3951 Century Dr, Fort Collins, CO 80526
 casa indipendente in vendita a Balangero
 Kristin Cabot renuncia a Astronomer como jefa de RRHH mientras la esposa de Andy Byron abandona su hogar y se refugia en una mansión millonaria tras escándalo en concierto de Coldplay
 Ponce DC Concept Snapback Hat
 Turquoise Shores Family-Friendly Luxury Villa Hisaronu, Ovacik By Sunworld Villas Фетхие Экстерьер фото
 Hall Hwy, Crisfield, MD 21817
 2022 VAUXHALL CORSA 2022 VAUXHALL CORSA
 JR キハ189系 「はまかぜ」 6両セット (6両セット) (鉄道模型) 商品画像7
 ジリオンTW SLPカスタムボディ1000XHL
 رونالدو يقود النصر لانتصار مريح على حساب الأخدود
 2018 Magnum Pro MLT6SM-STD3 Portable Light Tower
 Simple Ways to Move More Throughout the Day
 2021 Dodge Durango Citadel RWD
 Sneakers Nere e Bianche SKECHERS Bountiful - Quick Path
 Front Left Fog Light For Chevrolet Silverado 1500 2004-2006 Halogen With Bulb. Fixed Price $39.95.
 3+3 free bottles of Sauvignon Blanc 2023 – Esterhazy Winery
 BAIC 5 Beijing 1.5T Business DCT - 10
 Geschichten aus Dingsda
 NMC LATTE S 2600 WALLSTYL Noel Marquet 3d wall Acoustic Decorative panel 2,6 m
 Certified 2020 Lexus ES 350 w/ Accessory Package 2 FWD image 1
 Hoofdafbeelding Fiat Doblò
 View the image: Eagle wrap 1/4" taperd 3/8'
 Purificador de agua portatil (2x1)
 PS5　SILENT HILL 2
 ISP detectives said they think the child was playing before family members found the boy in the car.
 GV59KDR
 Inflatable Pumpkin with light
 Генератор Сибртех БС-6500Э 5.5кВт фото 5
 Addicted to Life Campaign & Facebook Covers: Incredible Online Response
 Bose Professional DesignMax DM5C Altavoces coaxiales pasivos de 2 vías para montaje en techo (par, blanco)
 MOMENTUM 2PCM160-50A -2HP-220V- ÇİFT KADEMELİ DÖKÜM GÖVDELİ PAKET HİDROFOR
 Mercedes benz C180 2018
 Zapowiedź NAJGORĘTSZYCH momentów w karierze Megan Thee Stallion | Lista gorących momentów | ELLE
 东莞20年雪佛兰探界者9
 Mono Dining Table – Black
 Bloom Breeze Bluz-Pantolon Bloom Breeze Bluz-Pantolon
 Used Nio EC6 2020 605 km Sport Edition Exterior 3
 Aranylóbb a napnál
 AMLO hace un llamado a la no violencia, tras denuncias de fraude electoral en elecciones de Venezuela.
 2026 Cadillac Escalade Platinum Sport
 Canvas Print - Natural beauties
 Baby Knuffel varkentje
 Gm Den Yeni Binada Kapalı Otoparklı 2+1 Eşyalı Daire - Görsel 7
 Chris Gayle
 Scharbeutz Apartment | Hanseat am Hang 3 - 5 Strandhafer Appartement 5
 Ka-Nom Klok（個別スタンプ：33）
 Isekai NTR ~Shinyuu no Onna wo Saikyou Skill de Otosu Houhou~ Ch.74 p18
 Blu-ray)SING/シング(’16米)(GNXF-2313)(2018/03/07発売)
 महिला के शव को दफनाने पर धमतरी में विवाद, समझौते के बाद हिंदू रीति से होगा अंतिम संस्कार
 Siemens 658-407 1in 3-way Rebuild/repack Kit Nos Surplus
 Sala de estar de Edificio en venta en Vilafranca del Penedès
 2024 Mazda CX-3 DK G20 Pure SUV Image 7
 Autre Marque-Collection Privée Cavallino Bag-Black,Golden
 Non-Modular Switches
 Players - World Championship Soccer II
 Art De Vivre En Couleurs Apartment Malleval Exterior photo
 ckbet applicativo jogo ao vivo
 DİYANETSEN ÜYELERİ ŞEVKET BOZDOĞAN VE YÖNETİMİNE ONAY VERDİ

### DESCRIPTION OF THE TASK
What you give back must match the material exactly, beginning with its first line and ending with the line holding "Geschichten aus Dingsda".

### RESULT OF THIS TASK
3951 Century Dr, Fort Collins, CO 80526
 casa indipendente in vendita a Balangero
 Kristin Cabot renuncia a Astronomer como jefa de RRHH mientras la esposa de Andy Byron abandona su hogar y se refugia en una mansión millonaria tras escándalo en concierto de Coldplay
 Ponce DC Concept Snapback Hat
 Turquoise Shores Family-Friendly Luxury Villa Hisaronu, Ovacik By Sunworld Villas Фетхие Экстерьер фото
 Hall Hwy, Crisfield, MD 21817
 2022 VAUXHALL CORSA 2022 VAUXHALL CORSA
 JR キハ189系 「はまかぜ」 6両セット (6両セット) (鉄道模型) 商品画像7
 ジリオンTW SLPカスタムボディ1000XHL
 رونالدو يقود النصر لانتصار مريح على حساب الأخدود
 2018 Magnum Pro MLT6SM-STD3 Portable Light Tower
 Simple Ways to Move More Throughout the Day
 2021 Dodge Durango Citadel RWD
 Sneakers Nere e Bianche SKECHERS Bountiful - Quick Path
 Front Left Fog Light For Chevrolet Silverado 1500 2004-2006 Halogen With Bulb. Fixed Price $39.95.
 3+3 free bottles of Sauvignon Blanc 2023 – Esterhazy Winery
 BAIC 5 Beijing 1.5T Business DCT - 10
 Geschichten aus Dingsda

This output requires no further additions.